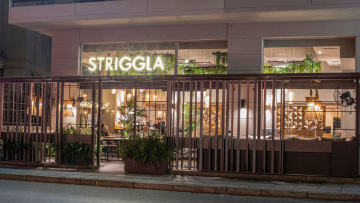 Η μαγεία της νέας ελληνικής κουζίνας: Ένα απολαυστικό Four hands δείπνο στη Striggla με τον Άγγελο Μπακόπουλο και τον Θωμά Μάτσα

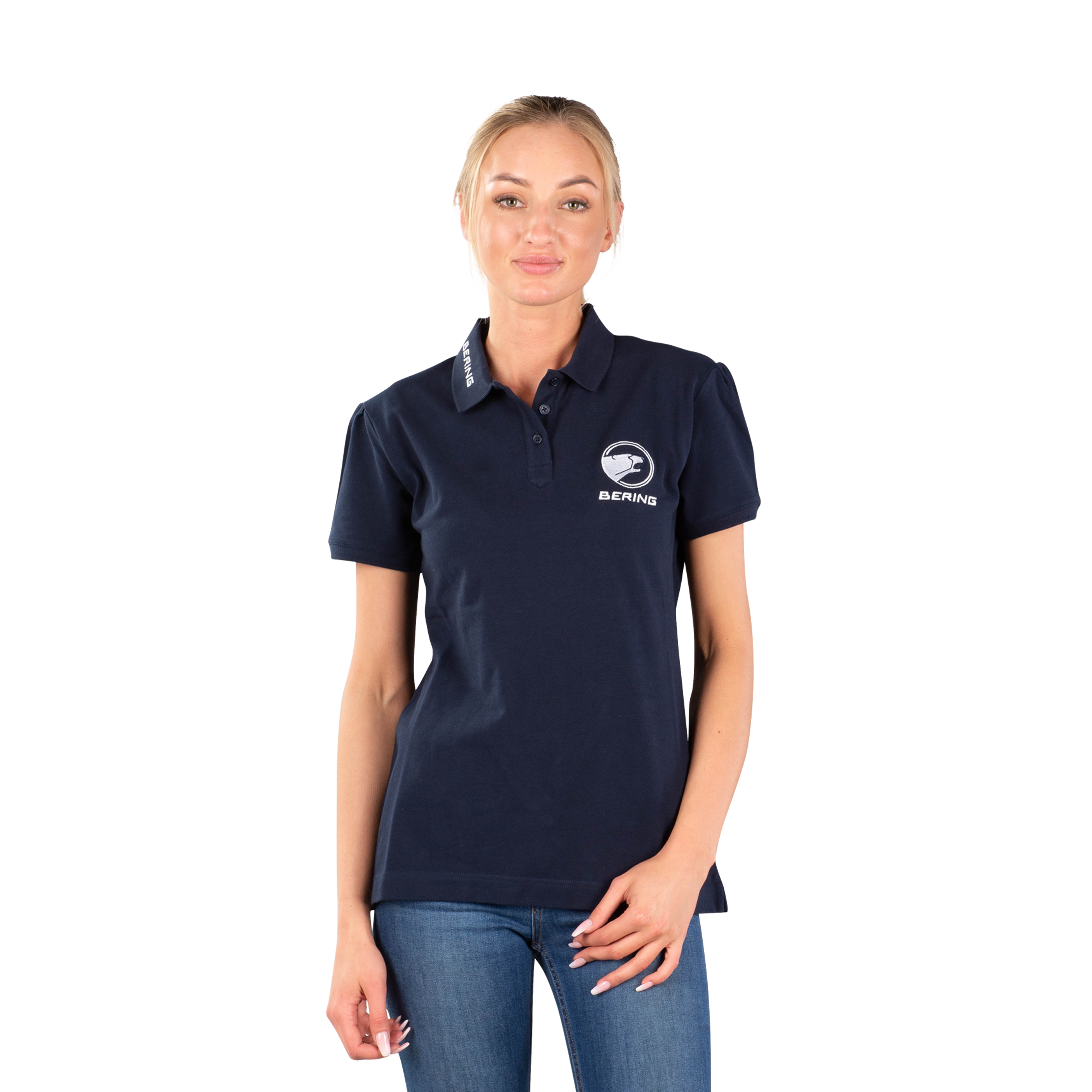 Bering Polo Donna  Magali Blu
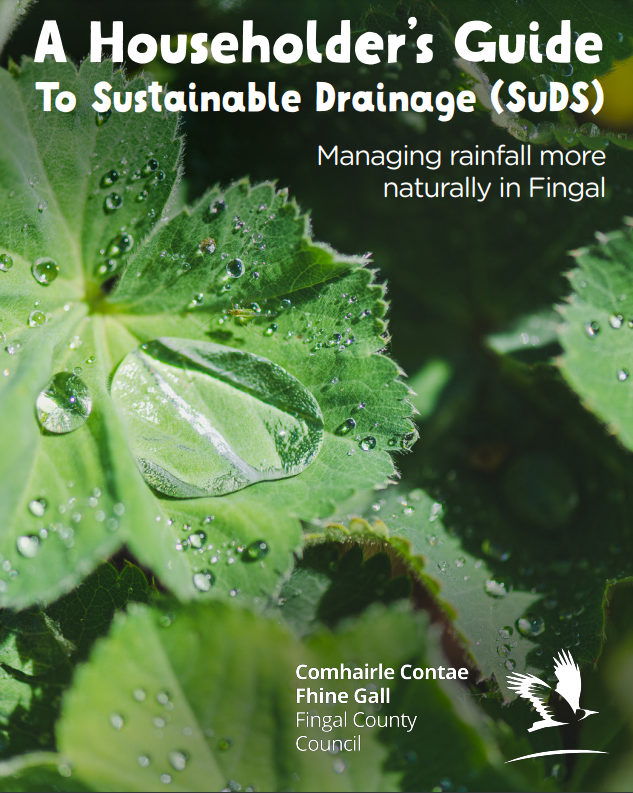 A Householder's Guide To Sustainable Drainage (SuDS)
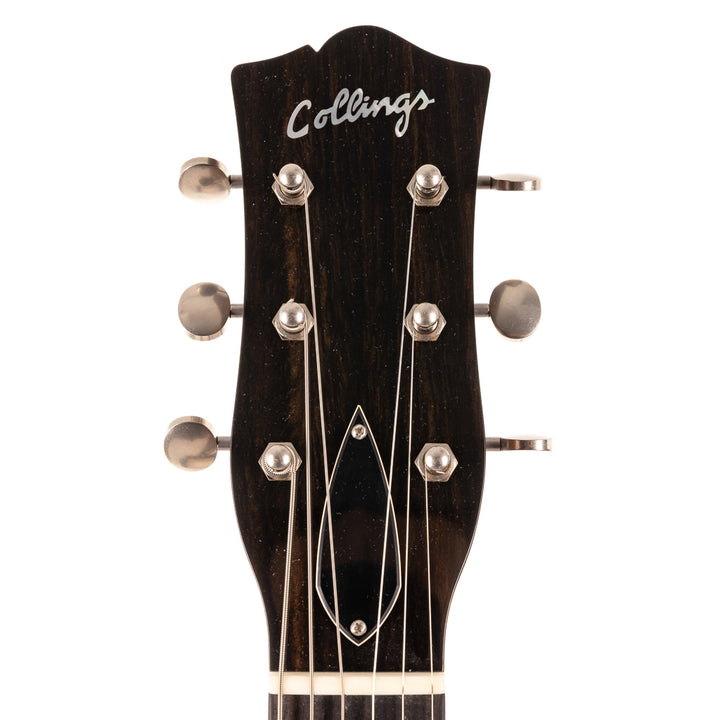 Collings 470 JL - Antiqued Sunburst - Fixed Bridge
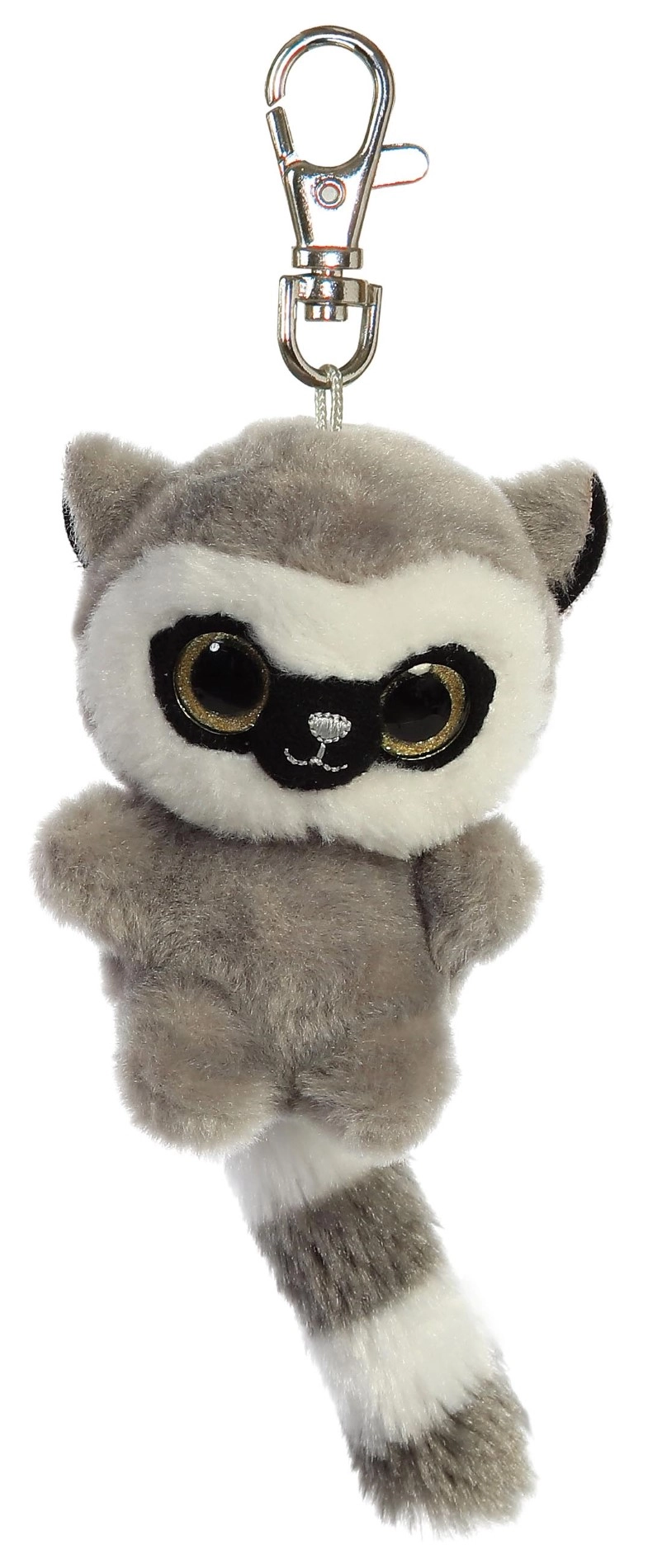 Plyšový přívěsek lemur YooHoo 10 cm – Daffi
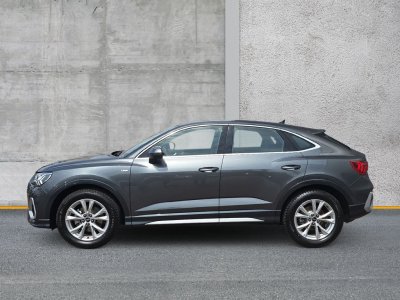 Audi Q3 Sportback 35 TFSI S line Matrix   - 2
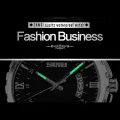 SKMEI Men Watch Sports Quartz Stainless Steel Waterproof Sports Watches With Fluorescentfor Men 9069. 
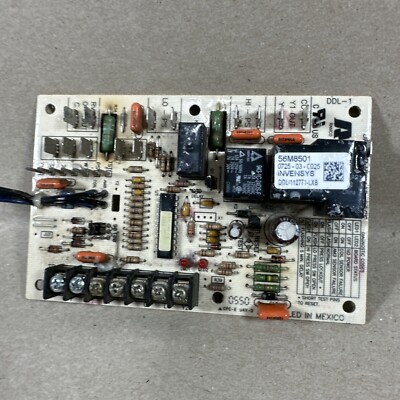    Lennox Armstrong Heat Pump Defrost Control Board 0541-03-0135  56M8501 C108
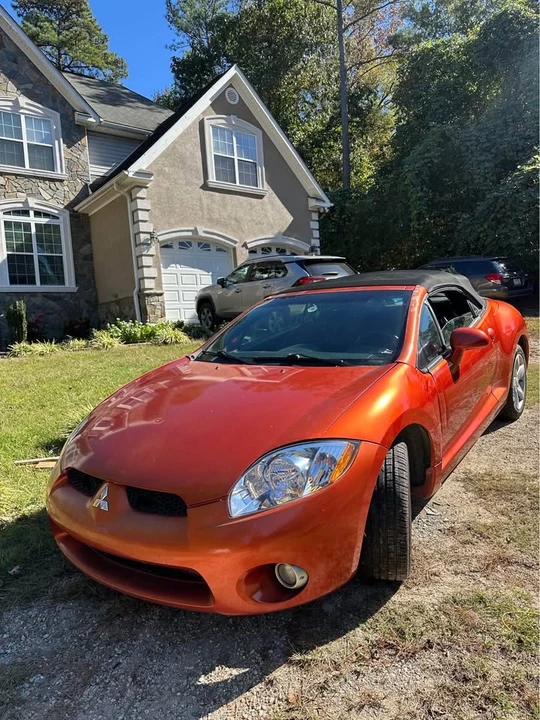 2008 Mitsubishi Eclipse 4th Gen - Image 14 of 17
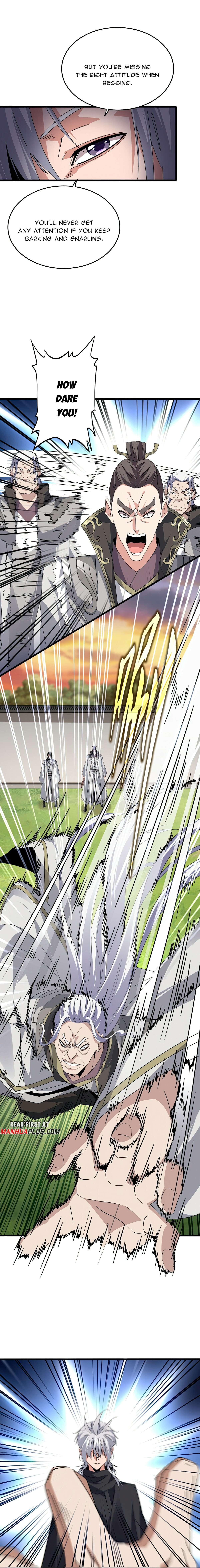 Magic Emperor, Chapter 682 image 06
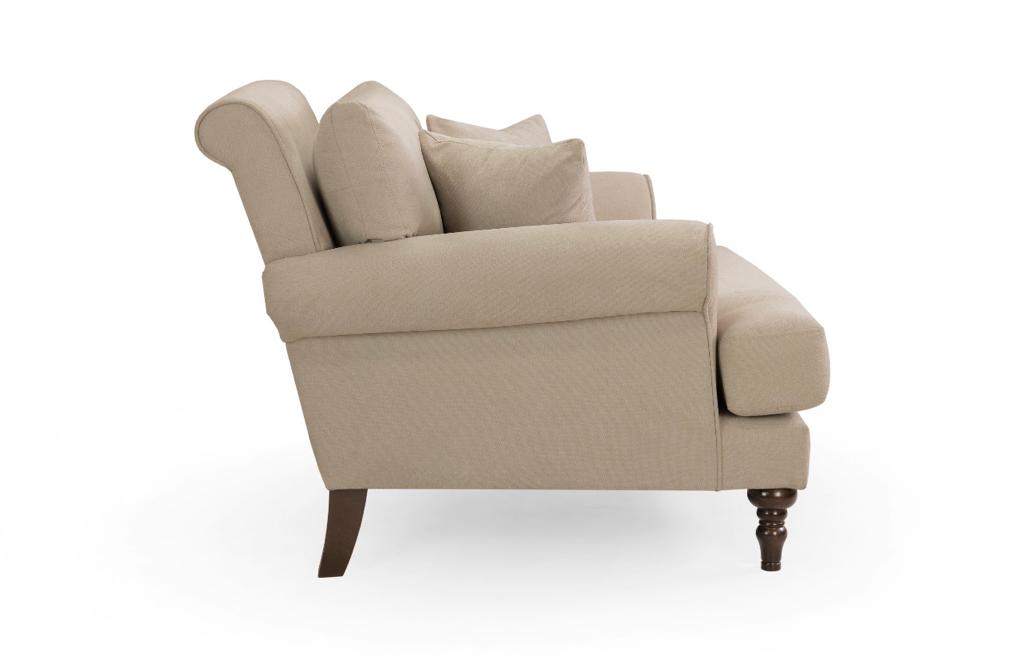 Summer 3+2 Sofa Set in Elegant Beige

::::

* _What is required_: Going from the line with "Plyšový přívěsek lemur YooHoo 10 cm – Daffi" to the last line of the listing, write out each line exactly and nothing else. Leave out all pictures.

* _Output for this exercise_:
 Plyšový přívěsek lemur YooHoo 10 cm – Daffi
 Audi Q3 Sportback 35 TFSI S line Matrix   - 2
 SKMEI Men Watch Sports Quartz Stainless Steel Waterproof Sports Watches With Fluorescentfor Men 9069. 
    Lennox Armstrong Heat Pump Defrost Control Board 0541-03-0135  56M8501 C108
 2008 Mitsubishi Eclipse 4th Gen - Image 14 of 17
 Magic Emperor, Chapter 682 image 06
 Summer 3+2 Sofa Set in Elegant Beige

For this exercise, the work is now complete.